I big part of my own spiritual evolution has been in examining what I truly believe and exactly what or whom I worship. In the end, I think that modern day, evangelical Christians tend to worship their religion as much or more than they worship the God of their religion. As I began to move more towards relationships with others because of the love of God, I began to get a lot of resistance and cautionary warnings from well meaning but misguided Christian friends. Their religion was more important than my connecting with certain people to share God's love. The rules of religion tend to separate us from others rather than helping us to build loving relationships with others.
Many years ago, a fellow NATCA (National Air Traffic Controller's Association) committee member and atheist started to ask me a question with this qualifier -- "Hey, you're a religious guy..."
I interrupted him and said, "I am not!"
He looked at me for a moment and said, "You're right. You are not, but I'm not sure how else to describe you."
Even my evangelical pastor friends have had difficulty understanding me. One expressed that I am quite the conundrum, other calling me an enigma.
I don't think I'm that difficult to understand. I'm just a free spirit that is trying to figure out my place in life and working on following Jesus without the man-made rules of religion.

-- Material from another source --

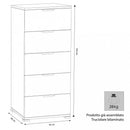 Mobiletto 5 Cassetti Rovere Grigio 45x38x103 h cm in Truciolare bilaminato Rovere grigio
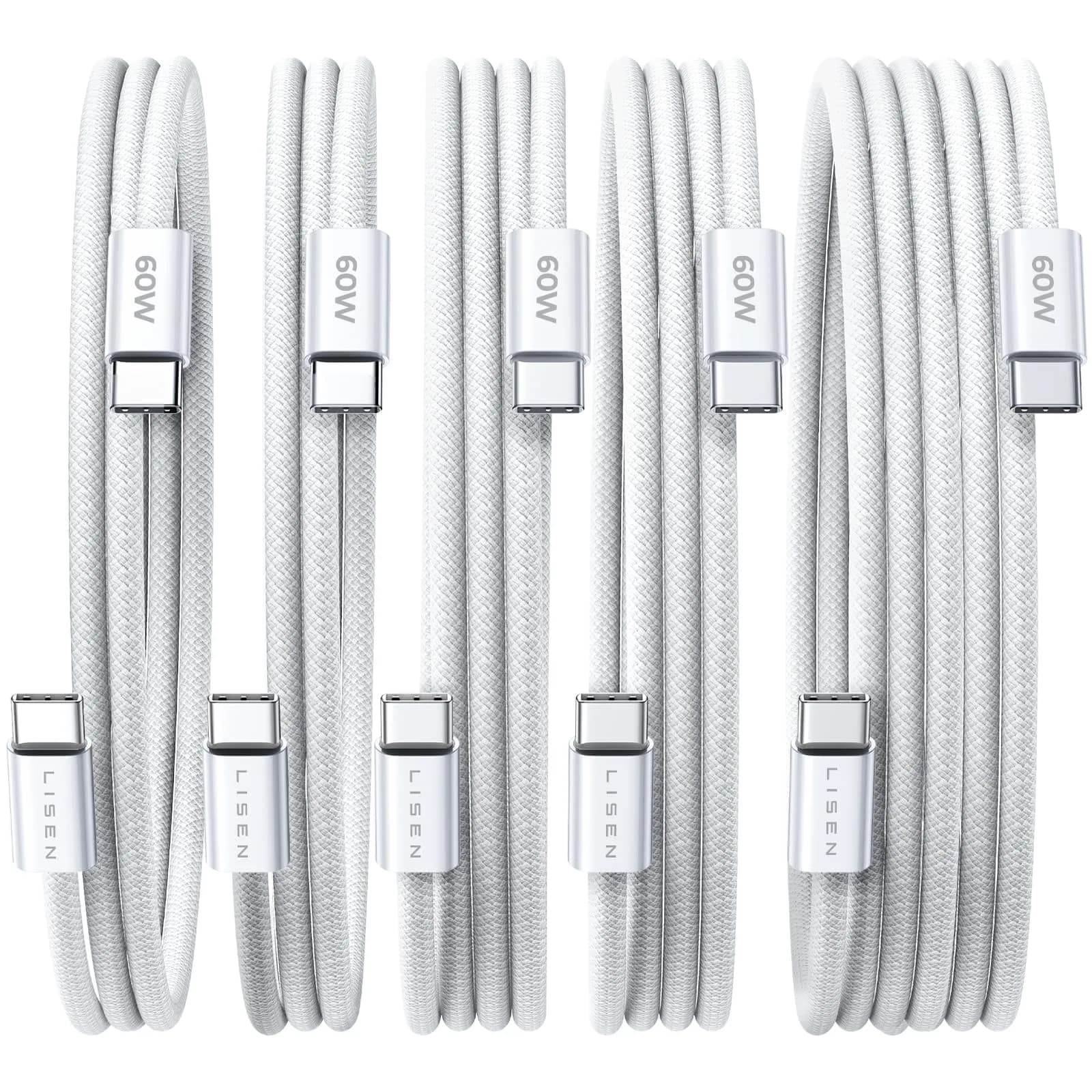 LISEN USB C Cable 5-Pack 3.3/6.6/10FT | Fast 60W Charging & Recyclable Cotton Braiding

I get that letting go of a lifetime of religion can be difficult. It could be that I never really had that tight of a grip on it to begin with. I don't expect that I'm ever going to let go of God and I have every confidence that God isn't letting go of me. But I do think that we all need to examine what we have been taught and what we believe to be true.
Mark Twain said, "It ain't what you don't know that gets you into trouble. It's what you know for sure that just ain't so."
It is said that foolish and closed-minded people will believe what they believe and dismiss any evidence contrary to their beliefs. People that desire to learn will critically examine their beliefs and be willing to change their mind should evidence dictate that a change is necessary. I would hope that I am able to learn more about God than what I learned as a child and young adult. I would hope that my understanding of God and my relationship with God is dynamic and evolving. If what you believe about God hasn't grown or changed as you have grown and changed, then you have a mighty small god.
As I have become more contemplative about life, death, God, and my place in all of this, I think that perhaps life itself is a type of koan. It isn't a problem to be solved nor a game to be won. It is simply a life to be experienced and shared with those that experience it with us. We learn from the suffering. We grow stronger from the pain. We love through the grief. And we remember all of the lessons along the way.
It's been a few years since I read Don Miller's Blue Like Jazz. I'm thinking I might reread it. Or maybe Searching for God Knows What.
Maybe I'll give my brain a break and read a novel. I've got several on my Kindle app.
What are you reading?
Any recommendations for my next Rohr book?